Capitale, Drache, Crème, Bouche… Éparpillés un peu partout dans Bruxelles, ces cafés ont, à quelques détails près, la même carte et une ambiance similaire, que certains jugeront « bobo » ou « tendance ». Au fil des mois, le nombre d’enseignes de ce type ne fait qu’augmenter. Assiste-t-on à une uniformisation de nos cafés ?

Vous entrez dans un café et découvrez des murs blancs, des plantes à profusion, une lumière tamisée, une ambiance décontractée, une carte proposant matcha, lait de soja et ‘carrot cake’, un jeune serveur qui vous tutoie… Dans le fond de la salle, un vinyle tourne et ponctue de musique cette atmosphère tendance.

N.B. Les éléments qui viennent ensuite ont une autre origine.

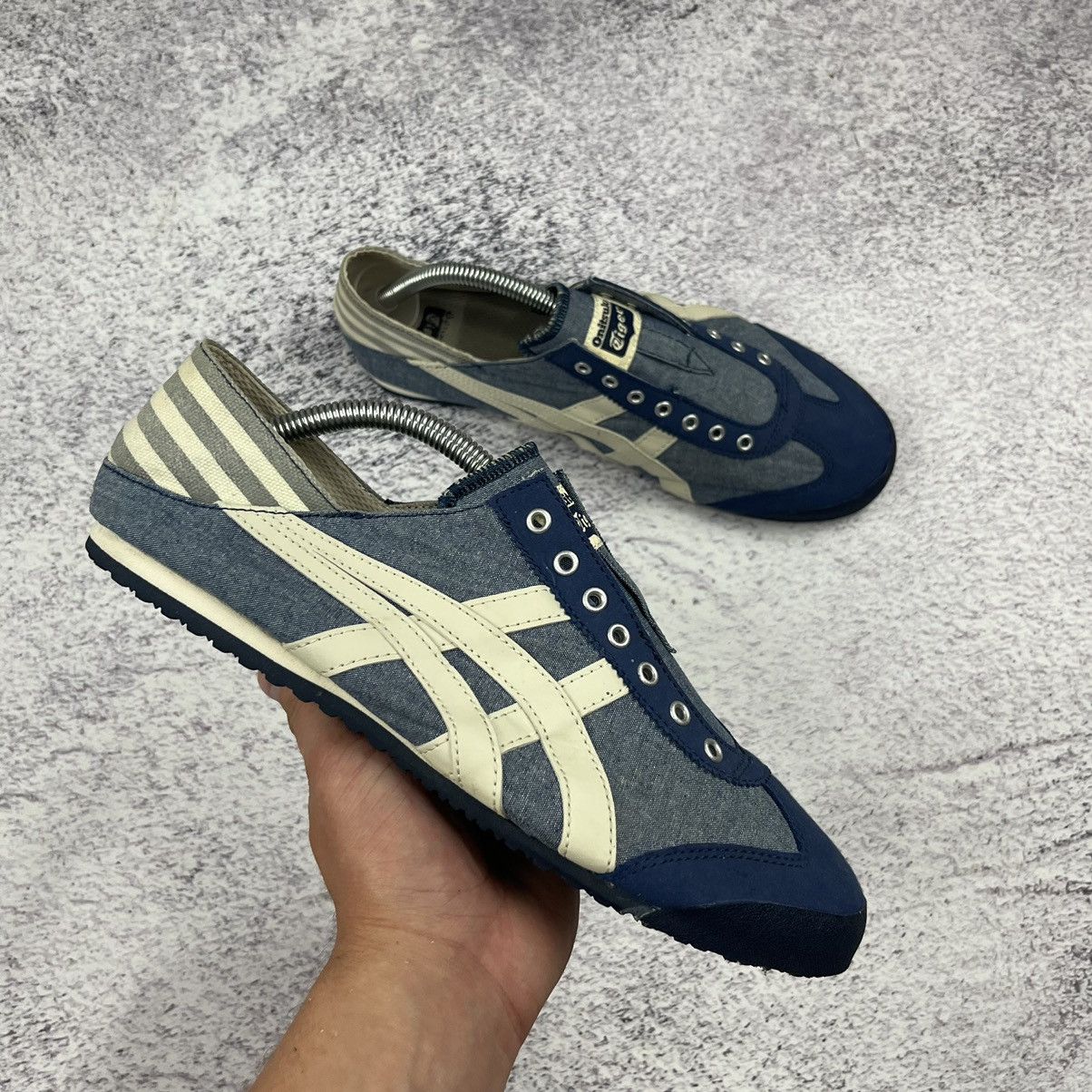 Onitsuka tiger mexico 66 paraty slip on best sale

Insta(gramme) pèse dans la balance

Il est indéniable que l’esthétique d’un lieu est devenu un critère primordial. Selon une étude de visit.brussels en 2021, le cadre est le premier critère de sélection pour le choix d’un coffee shop, et ce avant même les tarifs et la carte proposée. Cette importance du cadre est en grande partie due aux réseaux sociaux. 

En effet, depuis quelques années, nous entrons dans une société de recommandation. Grâce au smartphone, la clientèle a plus de prise sur le processus de choix d’un café. Le marketing en est transformé, il ne repose plus uniquement sur les marques pour promouvoir leur enseigne, mais s’appuie aussi sur les individus – influenceurs aussi bien que simples consommateurs – partageant leurs découvertes à leur réseau virtuel.

Ce phénomène a lieu en grande majorité sur TikTok et Instagram. On a tous déjà vu défiler ces vidéos montrant des cafés bruxellois dans notre feed. L’attractivité de ces lieux est étroitement liée à leur potentiel “instagrammable”. Aujourd’hui, il est devenu rare de rentrer dans un café trouvé par hasard. Nous choisissons plutôt un lieu en fonction des expériences que nous avons vues en ligne, cherchant plus ou moins consciemment à recréer ces moments partagés sur les réseaux sociaux. Et qui sait, peut-être à notre tour, alimenter nos propres publications sur ces plateformes.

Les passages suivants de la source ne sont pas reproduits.